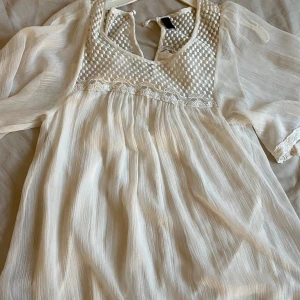 Vit mini klänning  - Vit mini klänning från Vero Moda, fint mönster längst ner och på armarna även mönster över bröstet, Bra skick förutom att där man knäpper på baksidan har gått sönder men går lätt att sy samman(Bild 3) Storlek S 💕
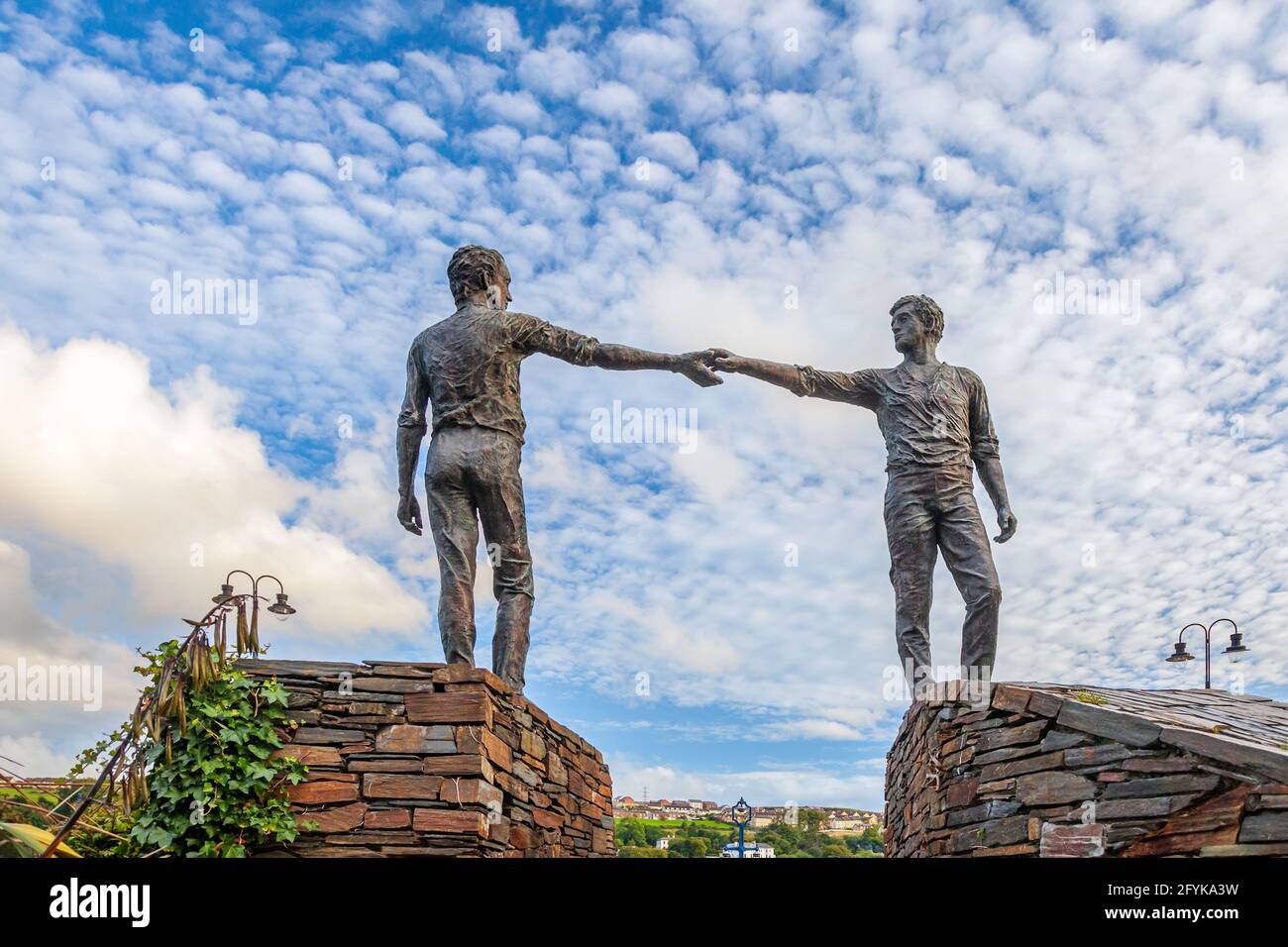 La sculpture « mains à travers la ligne de partage » à Derry, en Irlande du Nord. La statue a été créée par Maurice Harron et érigée en 1992. Banque D'Images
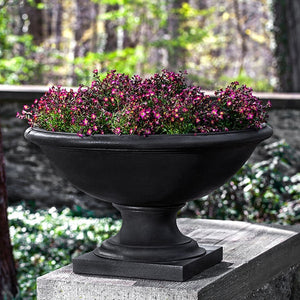 Low Savannah Urn filled with flowers in the backyard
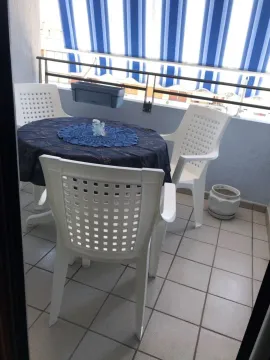Balkon sa stolom i bijelim plastičnim stolicama pod tendom. - image 11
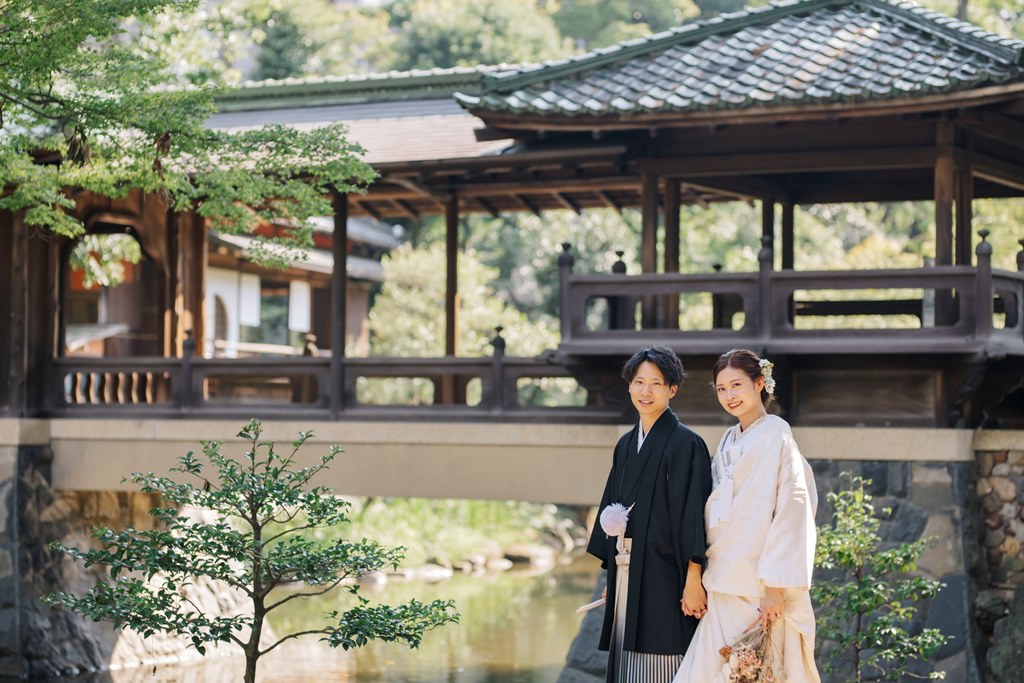 池のほとりの渡り廊下を背に立つ白無垢の花嫁と紋付袴の新郎。大正ロマンの建築が映える前撮り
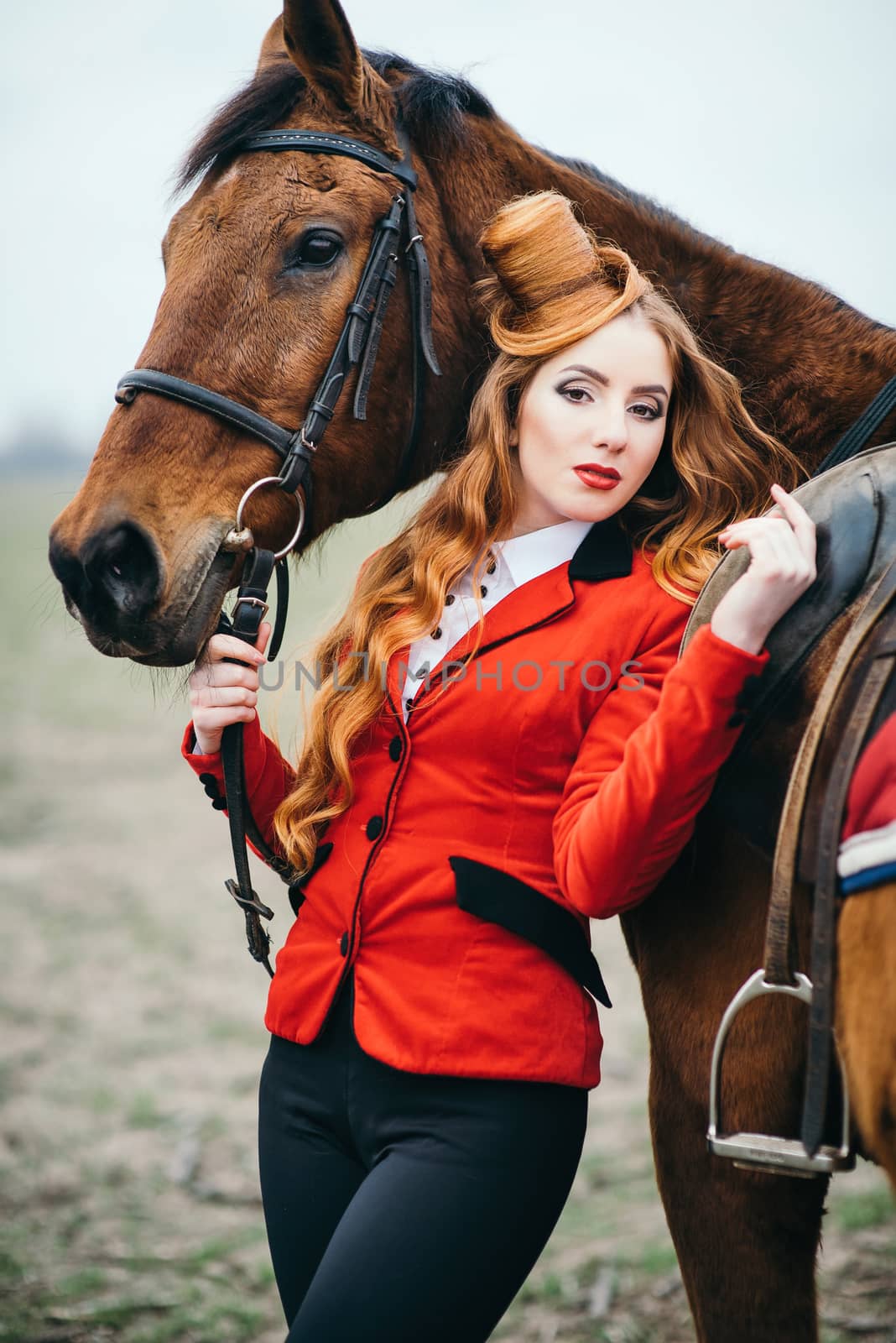 red-haired jockey girl in a red cardigan and black high boots with a horse for a walk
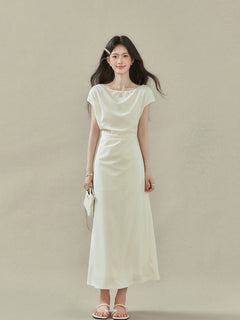 Front view of cream off-shoulder dress with short sleeves and gathered waist.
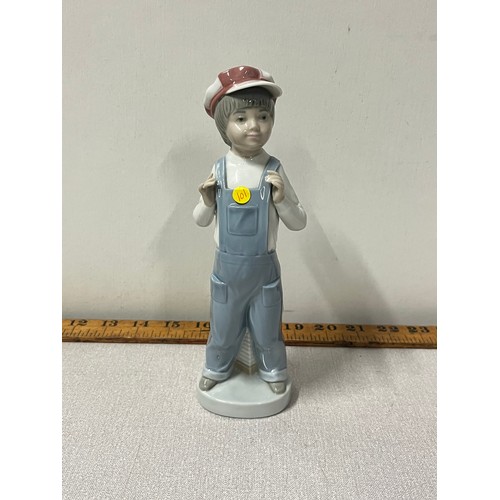 64 - Lladro boy with accordion. 
22cm h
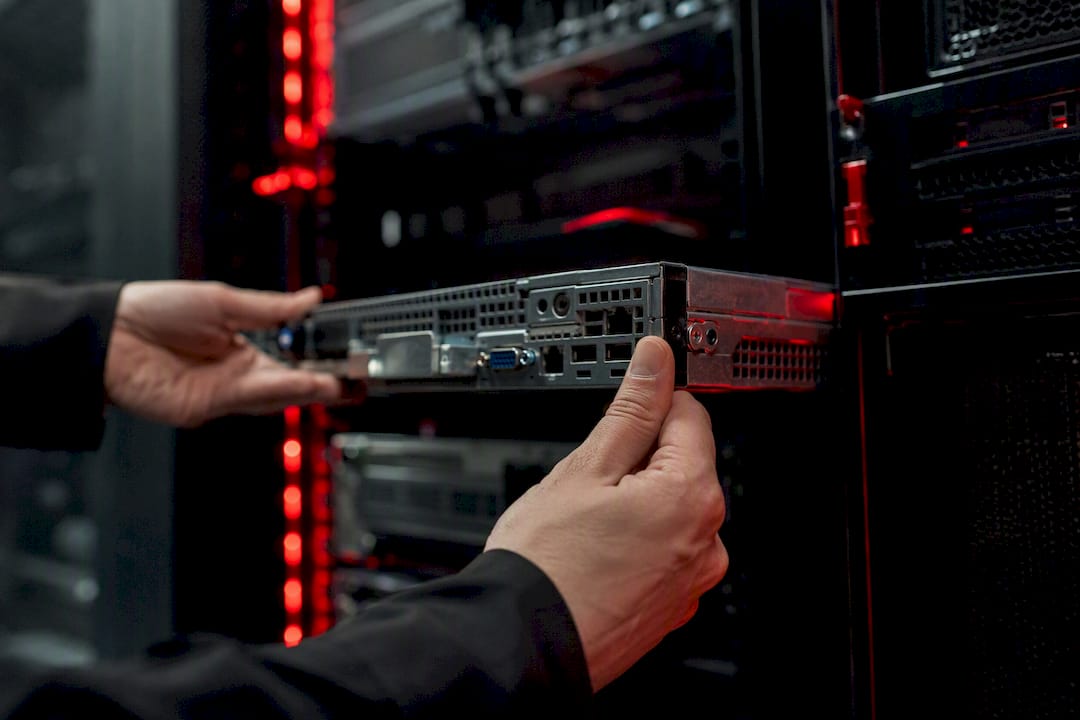 Hands sliding server into rack in data center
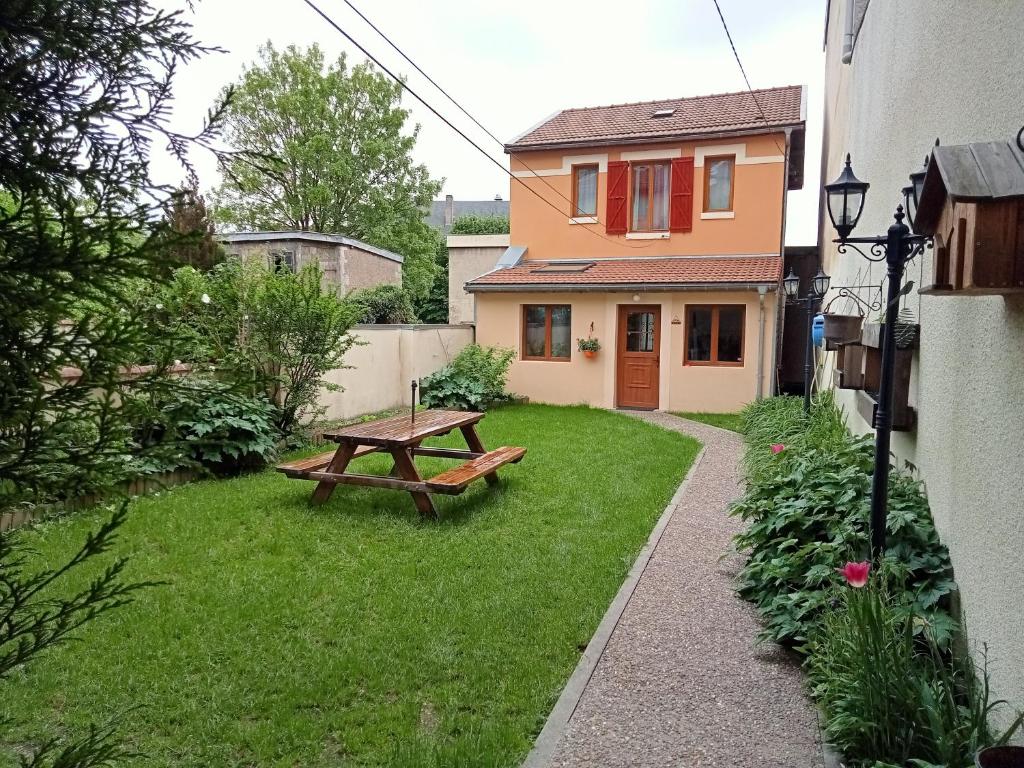 um quintal com uma mesa de piquenique e uma casa em Le gîte embarqué - Géré par Presta-Zen'Services - Barque électrique en supplément em Verdun-sur-Meuse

- **ACTION ITEM**: Your reply should restate every entry exactly, with the pictures left out.

- **COMPLETED TASK**:
 Vit mini klänning  - Vit mini klänning från Vero Moda, fint mönster längst ner och på armarna även mönster över bröstet, Bra skick förutom att där man knäpper på baksidan har gått sönder men går lätt att sy samman(Bild 3) Storlek S 💕
 La sculpture « mains à travers la ligne de partage » à Derry, en Irlande du Nord. La statue a été créée par Maurice Harron et érigée en 1992. Banque D'Images
 Low Savannah Urn filled with flowers in the backyard
Balkon sa stolom i bijelim plastičnim stolicama pod tendom. - image 11
 池のほとりの渡り廊下を背に立つ白無垢の花嫁と紋付袴の新郎。大正ロマンの建築が映える前撮り
 red-haired jockey girl in a red cardigan and black high boots with a horse for a walk
 Front view of cream off-shoulder dress with short sleeves and gathered waist.
 64 - Lladro boy with accordion. 
22cm h
 Hands sliding server into rack in data center
 um quintal com uma mesa de piquenique e uma casa em Le gîte embarqué - Géré par Presta-Zen'Services - Barque électrique en supplément em Verdun-sur-Meuse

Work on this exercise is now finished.